RIAA equalization which makes microgroove long playing phonograph records possible 20-20khz....40 db equalization (that's a factor of 10,000:1)
NAB eqalization which makes analog high fidelity magnetic tape recordings possible, 20-20 khz....also about 40 db of equalization.
FM pre-emphesis/de-emphesis which makes high fidelity FM broadcasts possible 75 microseconds, you figure out how many db of equalization that comes out to from 50 hz to 15 khz.
US National Color Television Standards....IF bandpass amplifier section must have properly equalized response required for reception and decoding of the colorburst subcarrier signal while maintianing adjacent channel interference rejection.
Equalization is a valid and long established part of electronics signal processing. Most phonograph records made since the 1950s used considerable equalization tweaking during mixdown. The German term for mixing engineer "Tonmeister" pretty much says it all.
Equalization of the Bose 901 was not a fix of a bad idea, it was an integral part of a very ingenious one where the inventor observed that below the bass resonant frequency, response fell off linearly and could be compensated for with a precision equalizer. Proof that it worked was evidenced during the early 1970s when Bose 901 was among the world champions for producing low frequencies from a commercial loudspeaker for consumer use beating out AR3a and JBL Paragon D44000. The small box was an integral part of the design pushing the system resonance frequeny up to 180 hz where Bose claimed the associatd phase shift was no longer audible. The pentagonal shape of the cabinet reduced internal standing waves. The use of multiple closely coupled drivers eliminated secondary resonances characteristic of individual drivers leaving only the resonances characteristic of the basic driver design to deal with.
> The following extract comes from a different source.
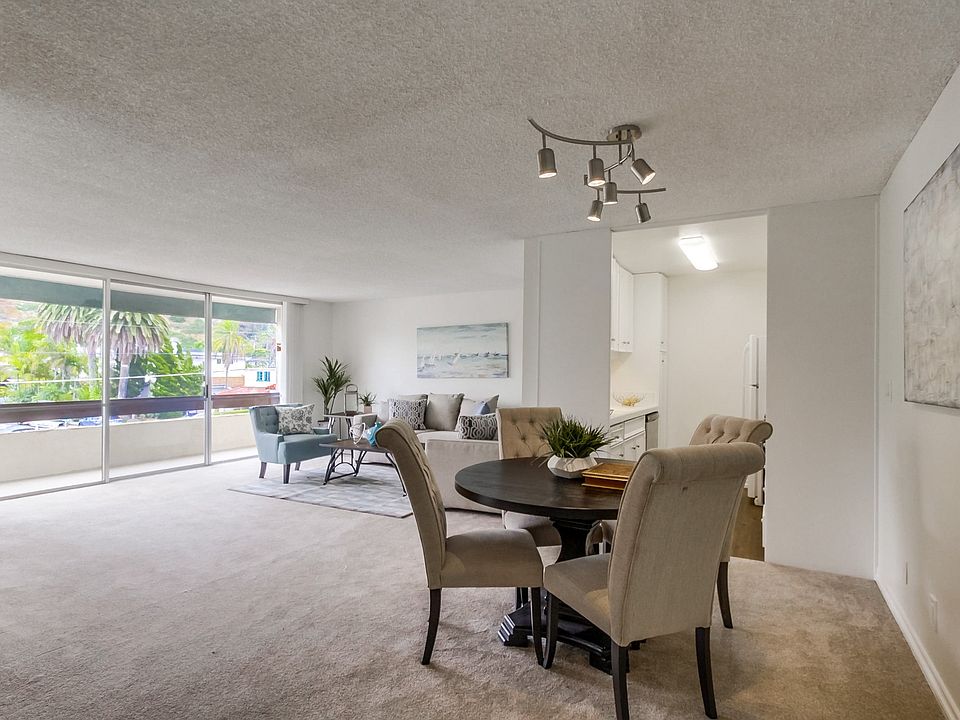 1st image of 6455 La Jolla Blvd Unit 217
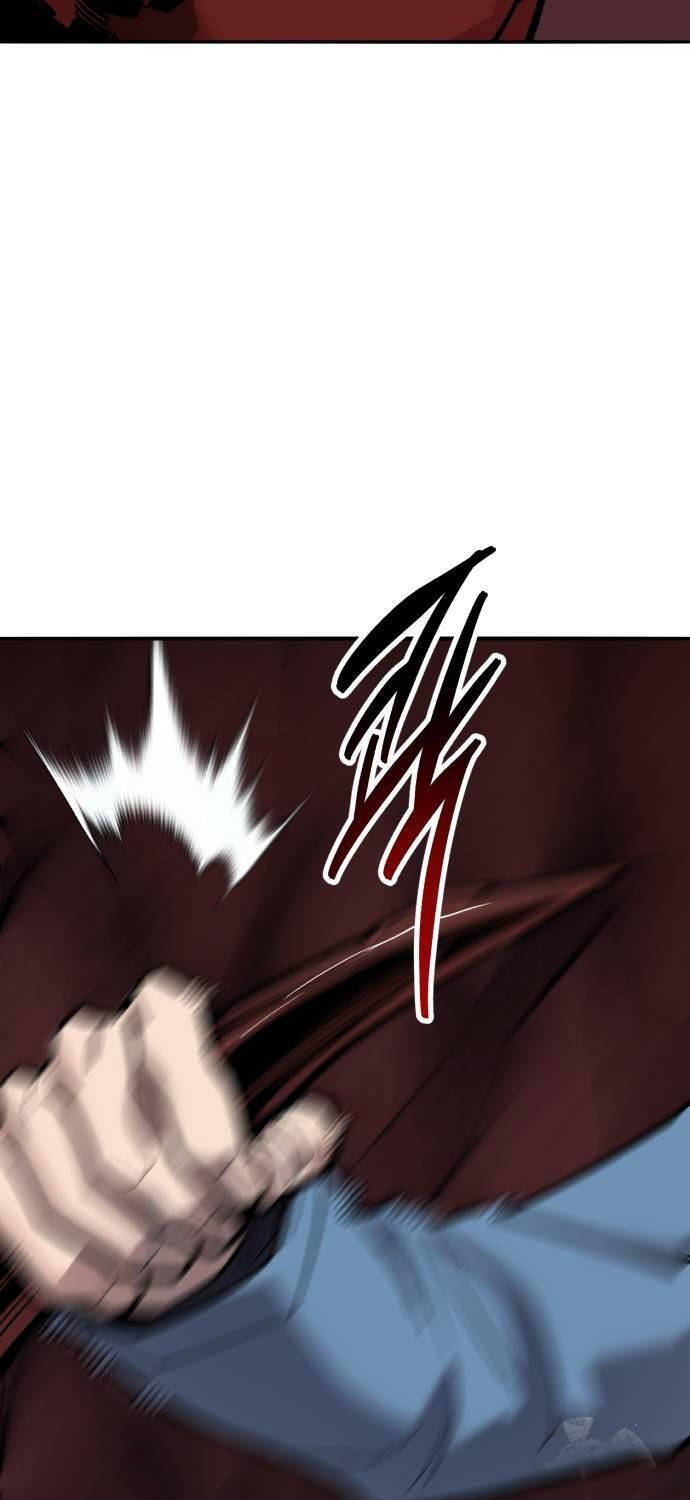 Phá Bỏ Giới Hạn Chapter 153 - 127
The similar Bose 802 was widely used by professional installers and engineers who could just as easily have bought other systems like JBL, Altec or EV.
As I said, the overall response was not flat and the speaker could not reproduce the highest octave of sound because the inertal mass of the drivers was too great even with an equalizer. This does not negate the advantages and innovations of the 901. As for its unique radiating properties, it is much closer to the way musical instruments radiate sound into space than conventional speakers and it is uniform as a function of frequency which is also much like the way most musical instruments work. The radiating pattern of the overwhelming majority of high fidelity loudspeakers on the market stinks with virtually all of their high frequency radiation beamed over a very narrow solid angle straight forward. The problem is made even worse by use of 1" domes which are horn loaded as seen by the slight recess around their perimeter. You would be hard pressed to find one which is not off at least 10 to 12 db at 15 khz around 45 degrees off axis. compare that to woofers which are nearly omnidirectional off less than 10 be 180 degrees off axis.
The design offered many unique advantages but it had not been perfected in the embodiment offered to the market and it was decided to cheapen it in the mid 1970s by making it more efficient which allowed it to be marketed to a wider customer base. Undoubtedly this generated far more profits for Bose than had he further refined it into a product designed to compete at the audiophile level. Unfortunately, to do this, the bottom octave had to be sacrificed. Bose began making his own drivers and abandoned wood cabinets for an injection molded plastic one. Given the special shape he needed for his unusual ported design, this was a good choice.
Try to be more objective about the realities of products on the market. If you are an engineer, it is not wise to become emotionally involved with what are only machines. Every one of them has their limitations. It is valuable to learn from both success and failures and there is much knowlegde this professor of Electrical Engineering and Acoustics at MIT brought to this innovative idea.